• Required action:
Print the records below exactly, from the line containing "FRENCH FRUITWOOD COUNTRY" down to the line containing "100W Solar Generator", both lines included, and omit every picture.

• Excerpted records:
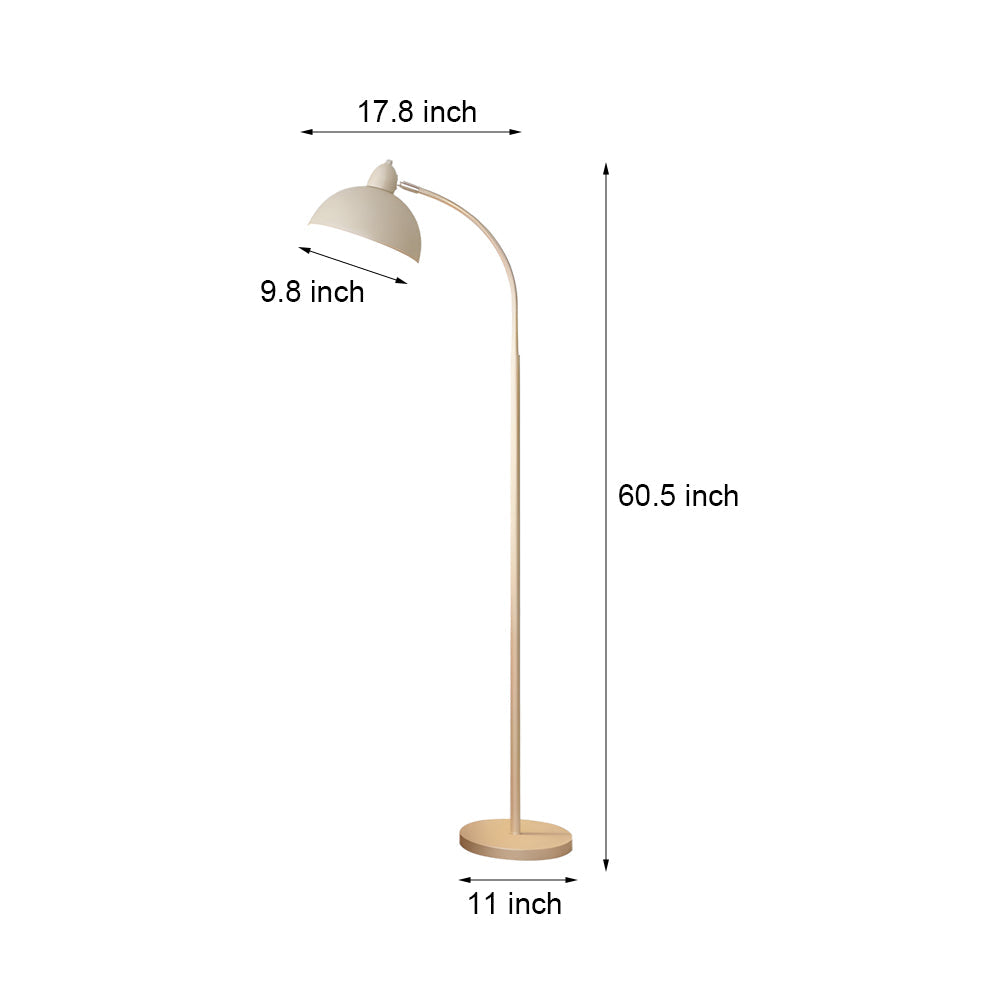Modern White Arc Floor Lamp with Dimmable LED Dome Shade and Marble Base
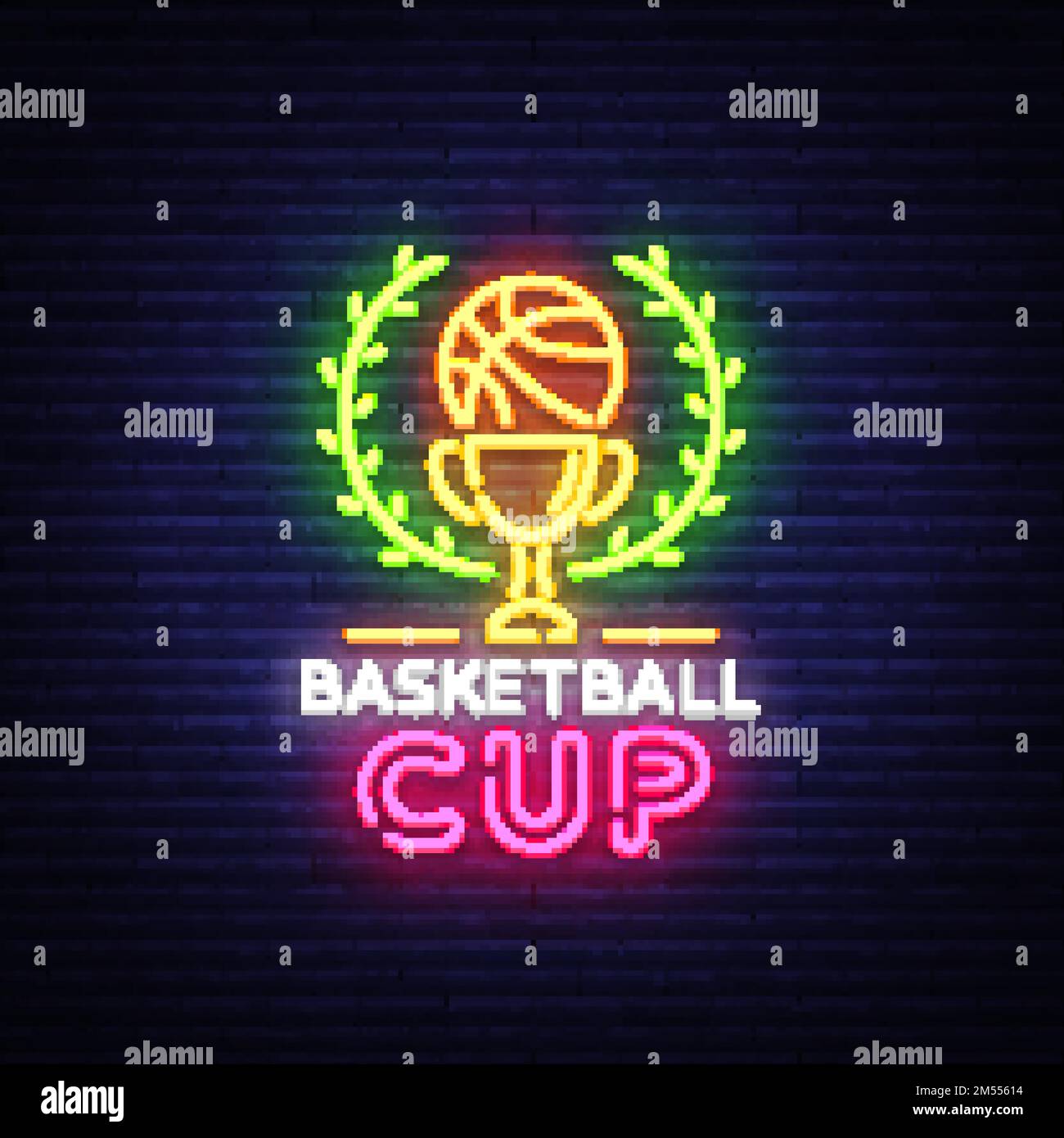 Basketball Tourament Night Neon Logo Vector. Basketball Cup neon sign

--

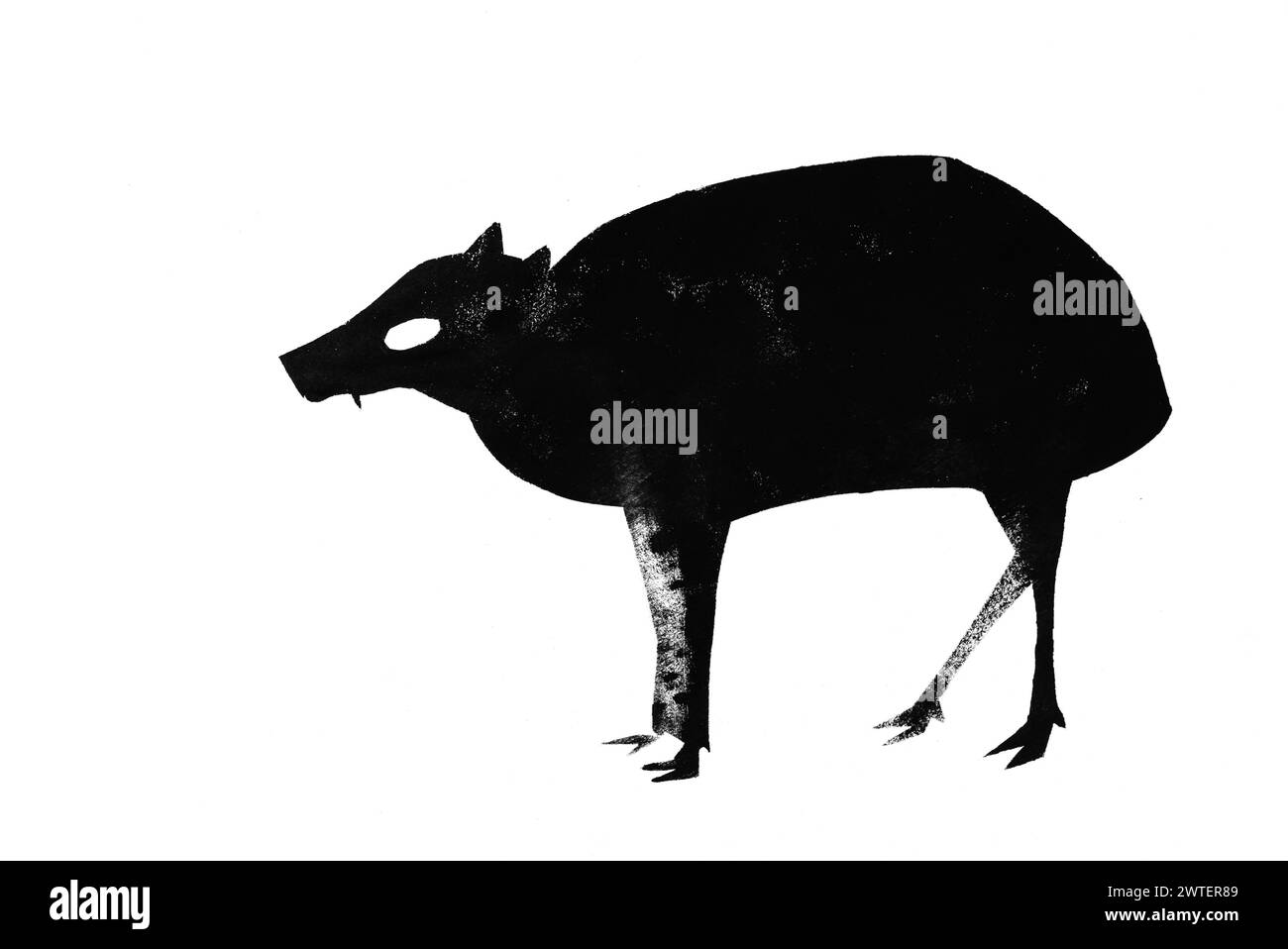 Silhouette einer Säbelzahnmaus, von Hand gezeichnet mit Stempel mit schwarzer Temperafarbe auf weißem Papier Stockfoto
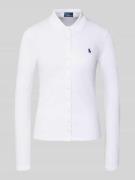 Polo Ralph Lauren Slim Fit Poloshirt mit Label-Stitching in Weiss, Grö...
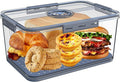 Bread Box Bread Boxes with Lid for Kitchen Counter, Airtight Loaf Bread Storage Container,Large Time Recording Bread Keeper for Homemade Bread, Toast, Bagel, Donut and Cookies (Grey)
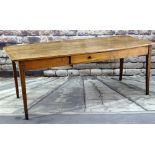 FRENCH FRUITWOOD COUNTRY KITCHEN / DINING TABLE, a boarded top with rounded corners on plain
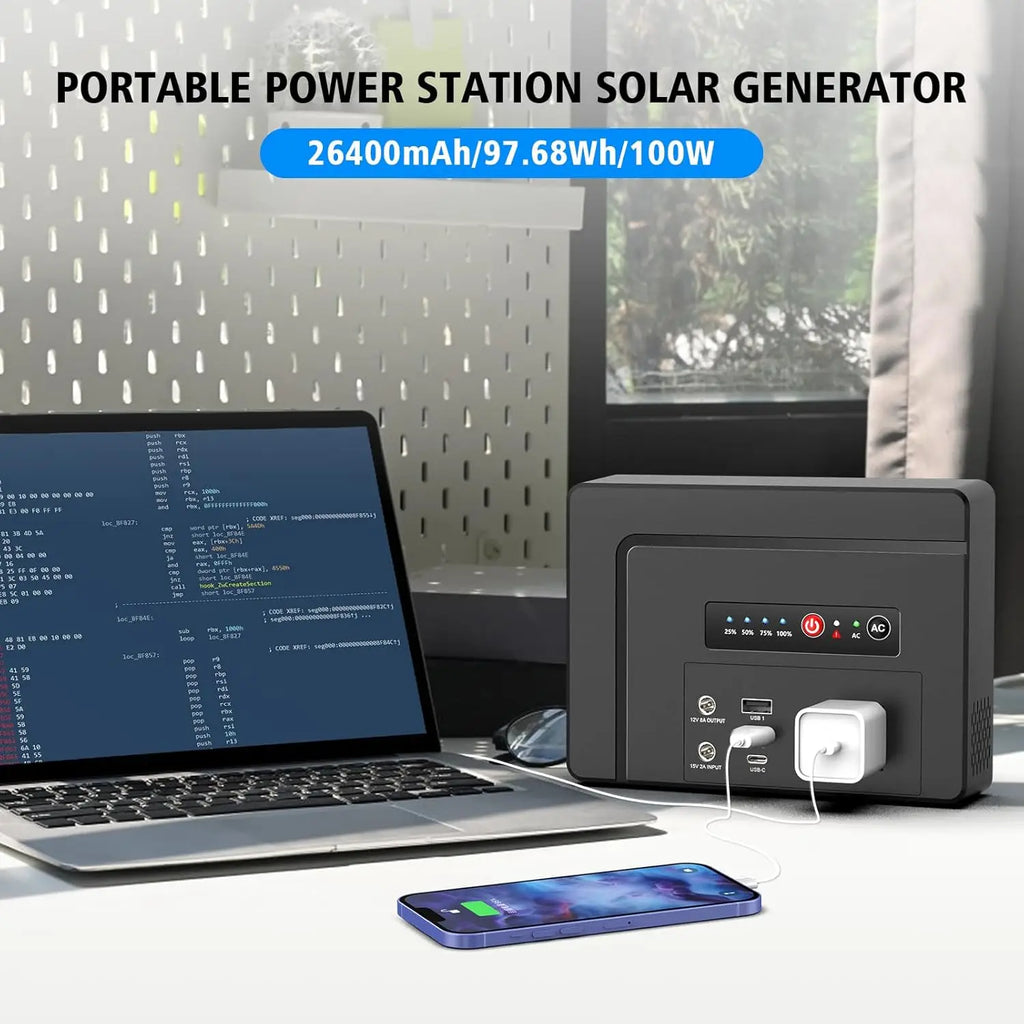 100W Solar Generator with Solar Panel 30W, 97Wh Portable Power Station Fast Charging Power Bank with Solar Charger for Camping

---

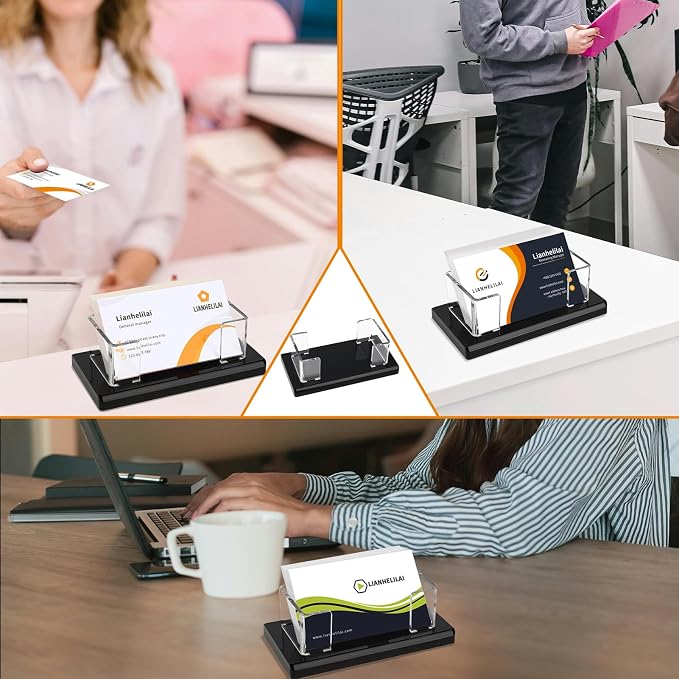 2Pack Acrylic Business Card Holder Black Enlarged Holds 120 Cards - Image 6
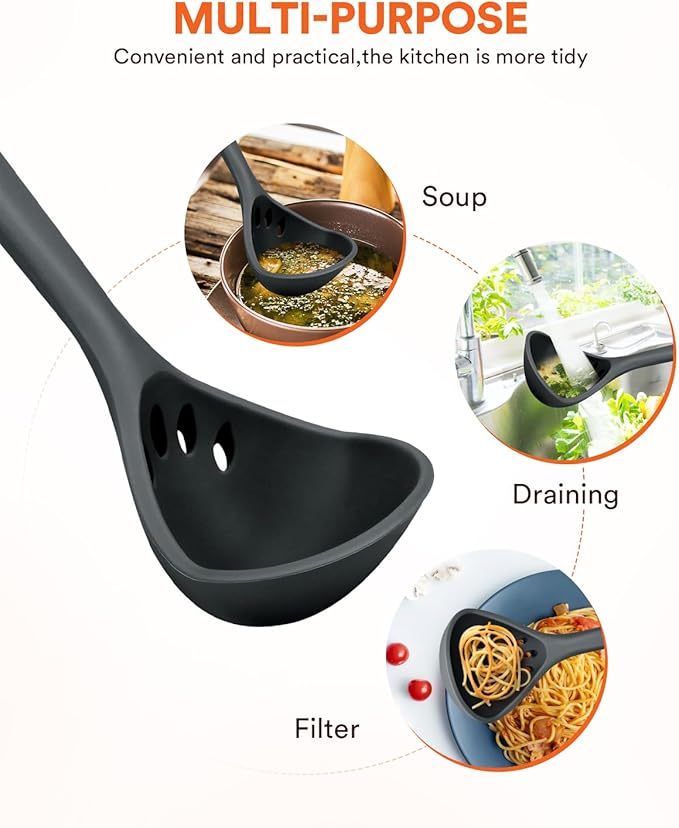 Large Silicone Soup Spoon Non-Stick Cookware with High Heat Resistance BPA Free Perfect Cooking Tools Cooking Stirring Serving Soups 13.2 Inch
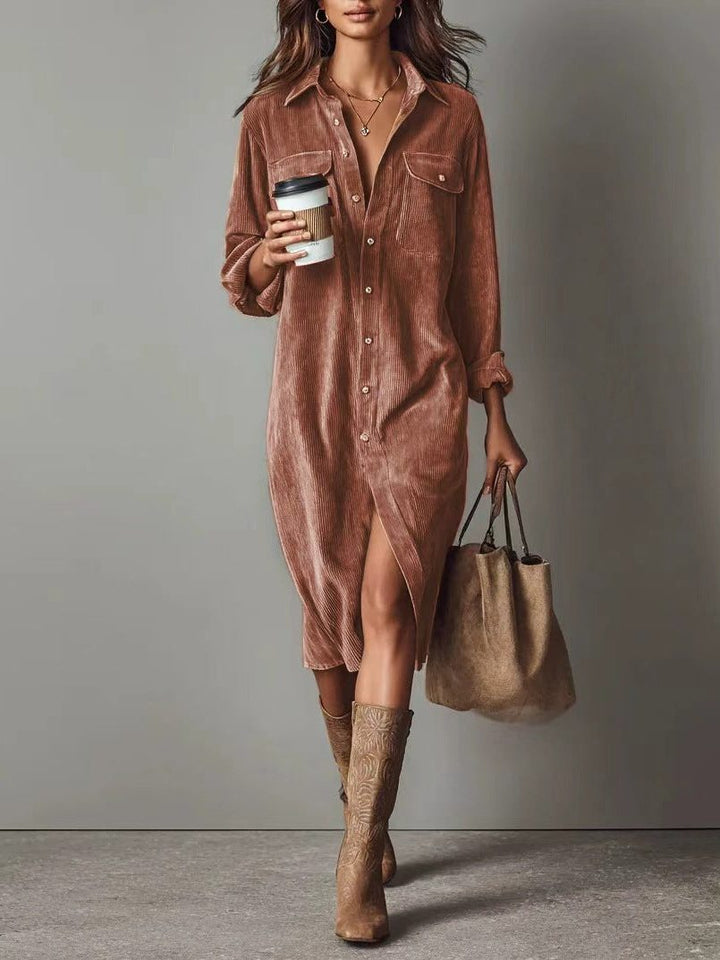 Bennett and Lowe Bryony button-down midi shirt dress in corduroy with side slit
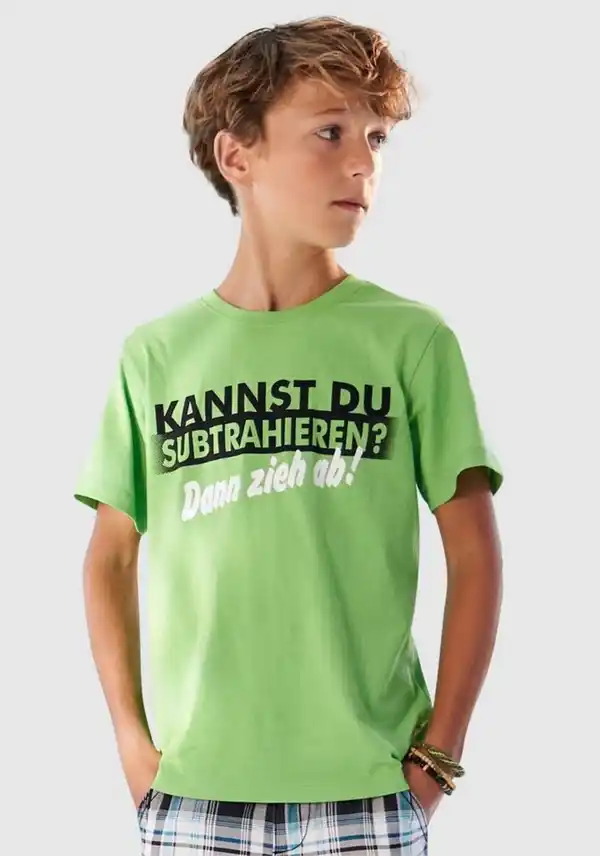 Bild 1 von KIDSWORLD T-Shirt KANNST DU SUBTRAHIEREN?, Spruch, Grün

• Reply:
 FRENCH FRUITWOOD COUNTRY KITCHEN / DINING TABLE, a boarded top with rounded corners on plain
 100W Solar Generator with Solar Panel 30W, 97Wh Portable Power Station Fast Charging Power Bank with Solar Charger for Camping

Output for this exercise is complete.